Elementary school ends, and the Harlem kid heads right to the candy store. The baseball cards are out. The kid opens a pack of Topps, is greeted by the intoxicating aroma of cardboard and gum. (Yes, he eats the gum.) Flipping through, everything stops. He’s stunned by the drawings, a breathtaking departure from the normal, staid shots. These cards move him. It’s 1952.
“Years go by, and then I’m into the field,” Dick Perez recalled nearly 70 years later. “And I said, “Why not bring that thing that excited me? Why not bring that back?”
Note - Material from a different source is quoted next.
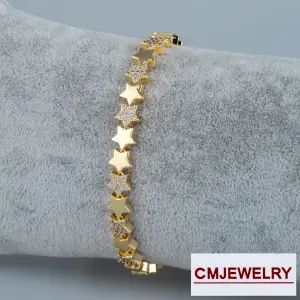 CM Jewelry 14K Zincir Taşlı Yıldız Bileklik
From 1982 to 1996, Perez painted an astounding 400 ballplayer portraits for Donruss’s Diamond Kings subset. Those cards, evocative watercolor portraits of ballplayers hand-picked by Perez and his longtime friend and business partner, Frank Steele, glowed among the posed shots of weary men with frozen smiles or standard game action pics that made up the rest of those sets, and every other set of the era. The cards balanced an unusual visual grandness with the randomness that defines the experience of opening a pack of cards. Yes, you might get a superstar, but also every team was represented in the set, and not every team had a superstar, and Perez hated to repeat himself. And so you might pull a luminous and stylized portrait of, say, Ivan Calderon or Glenn Hubbard. During a time when sports coverage was largely limited to a fan’s part of the country and the odd national game, Diamond Kings elevated unfamiliar players and recognizable all-stars alike to something very much like art.
Those cards could only have existed at that moment in the industry, when a number of new companies were trying new things—not always wisely, or well—in what had become a staid business. At a moment in the trading card business defined by a headlong glut of tossed-off cards, Perez and Donruss somehow managed to make something memorable.
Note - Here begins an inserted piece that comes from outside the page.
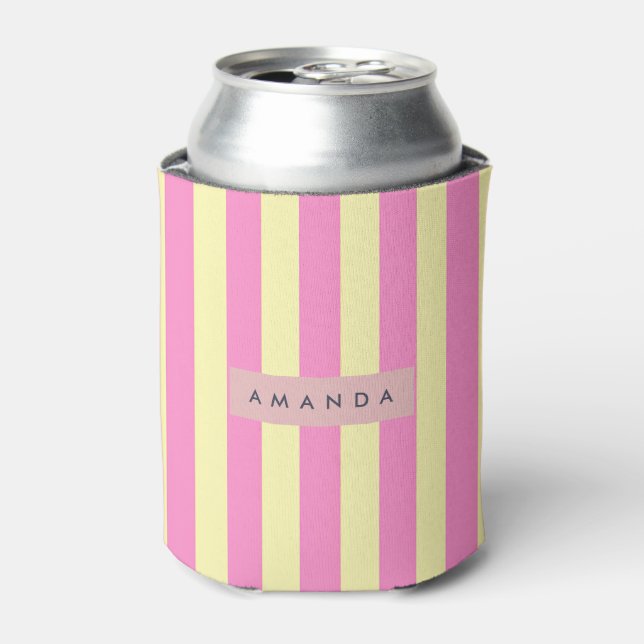 Porta-lata Personalized Sweet Pastel Pink and Yellow Stripe (Can Front)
“There’s always some guy who’s the bridge between the old and the new,” says illustrator Tom La Padula, “That’s an argument you can have over a lot of beers. But he was. Perez was that bridge.”
In 1980, Fleer, a struggling card manufacturer, won an antitrust suit against Topps. For years, Topps had been the only player in the industry. With that ruling, the field for baseball cards was wide open.
Back then, Bill Madden, the longtime baseball columnist for the New York Daily News, wrote a baseball cards column for The Sporting News. He recognized that the ruling was huge and called Marvin Miller, the longtime executive director of the Major League Baseball Players Association, who died in 2012. Here’s how Madden remembers the conversation:
“We’re giving out our first license in a few weeks,” Miller said.
“That’s for Fleer, right?
“No, it’s for Donruss.”
“Donruss? What is that?”
Donruss was a subsidiary of General Mills. It did have experience in non-sports cards and decided to get into the baseball card game after the Fleer ruling. “We figured that if anybody should be involved, it ought to be us,” Donruss president Stewart Lyman told the Memphis Press-Scimitar in March 1981. After all, he told the Cincinnati Enquirer in February 1981, the company knew about the business.
Madden had no idea. He called Lyman, who died in July of 2022. Madden introduced himself, explained his column, and asked his first question, which was “Who are you?”
The executive laughed. “‘We’re just a little confectionary business down here in Memphis, Tennessee,’” Madden recalls Lyman saying. “‘I have to be honest with you: we know nothing about baseball cards and we know nothing about baseball.’”
“I guess this is a perfect marriage,” Madden joked, “because nobody knows anything about you either.”
“We need help down here,” Lyman said. “Do you know anybody who might be able to do the bios and the stats?”
“Yeah, you’re talking to him,” Madden said.
Soon, Madden was pounding out bio sheets on a typewriter, filling out stats in pencil on the bottom. “I almost had a nervous breakdown,” he says. ”I had to do 660 of these things. It was primitive as primitive could be—and those cards looked it, too.”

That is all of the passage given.